When a line in the entries below contains the word "online", copy that line.

[Entries taken from a collection]
--

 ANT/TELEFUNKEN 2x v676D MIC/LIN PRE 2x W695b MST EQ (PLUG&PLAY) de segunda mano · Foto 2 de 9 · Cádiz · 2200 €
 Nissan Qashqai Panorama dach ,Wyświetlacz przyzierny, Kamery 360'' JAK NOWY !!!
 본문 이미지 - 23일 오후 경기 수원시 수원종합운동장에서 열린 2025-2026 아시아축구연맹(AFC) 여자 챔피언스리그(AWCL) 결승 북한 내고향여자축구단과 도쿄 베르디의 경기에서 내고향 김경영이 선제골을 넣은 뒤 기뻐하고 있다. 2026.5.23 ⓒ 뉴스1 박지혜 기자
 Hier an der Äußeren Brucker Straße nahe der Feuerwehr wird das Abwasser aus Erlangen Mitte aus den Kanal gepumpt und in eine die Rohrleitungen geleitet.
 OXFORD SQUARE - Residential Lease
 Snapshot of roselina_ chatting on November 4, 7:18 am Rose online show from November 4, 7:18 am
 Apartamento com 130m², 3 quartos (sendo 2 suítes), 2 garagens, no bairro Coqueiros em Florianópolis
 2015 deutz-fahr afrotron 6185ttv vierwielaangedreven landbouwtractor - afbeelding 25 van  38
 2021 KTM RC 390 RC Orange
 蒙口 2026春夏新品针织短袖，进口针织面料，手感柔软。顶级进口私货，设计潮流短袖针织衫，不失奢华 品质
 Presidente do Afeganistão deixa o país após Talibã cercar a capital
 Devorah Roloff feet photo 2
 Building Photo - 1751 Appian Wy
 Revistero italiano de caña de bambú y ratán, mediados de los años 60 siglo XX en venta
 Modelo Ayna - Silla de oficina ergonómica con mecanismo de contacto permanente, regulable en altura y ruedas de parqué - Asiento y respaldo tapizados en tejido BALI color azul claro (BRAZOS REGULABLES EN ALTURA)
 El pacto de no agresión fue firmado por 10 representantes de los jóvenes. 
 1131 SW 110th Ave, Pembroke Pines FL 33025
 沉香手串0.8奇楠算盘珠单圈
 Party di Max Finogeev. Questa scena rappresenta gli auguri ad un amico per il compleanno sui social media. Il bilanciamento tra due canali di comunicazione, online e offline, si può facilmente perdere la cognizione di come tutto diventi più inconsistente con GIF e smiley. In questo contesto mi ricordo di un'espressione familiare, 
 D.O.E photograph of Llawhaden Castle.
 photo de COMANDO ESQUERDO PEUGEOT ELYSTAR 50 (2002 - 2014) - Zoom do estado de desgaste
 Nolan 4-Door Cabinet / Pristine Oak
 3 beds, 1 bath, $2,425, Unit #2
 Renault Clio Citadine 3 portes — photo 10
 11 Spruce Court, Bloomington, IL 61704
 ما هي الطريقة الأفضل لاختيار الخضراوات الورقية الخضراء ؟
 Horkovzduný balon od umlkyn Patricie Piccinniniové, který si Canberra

--

(Output of the task)
 Snapshot of roselina_ chatting on November 4, 7:18 am Rose online show from November 4, 7:18 am
 Party di Max Finogeev. Questa scena rappresenta gli auguri ad un amico per il compleanno sui social media. Il bilanciamento tra due canali di comunicazione, online e offline, si può facilmente perdere la cognizione di come tutto diventi più inconsistente con GIF e smiley. In questo contesto mi ricordo di un'espressione familiare, 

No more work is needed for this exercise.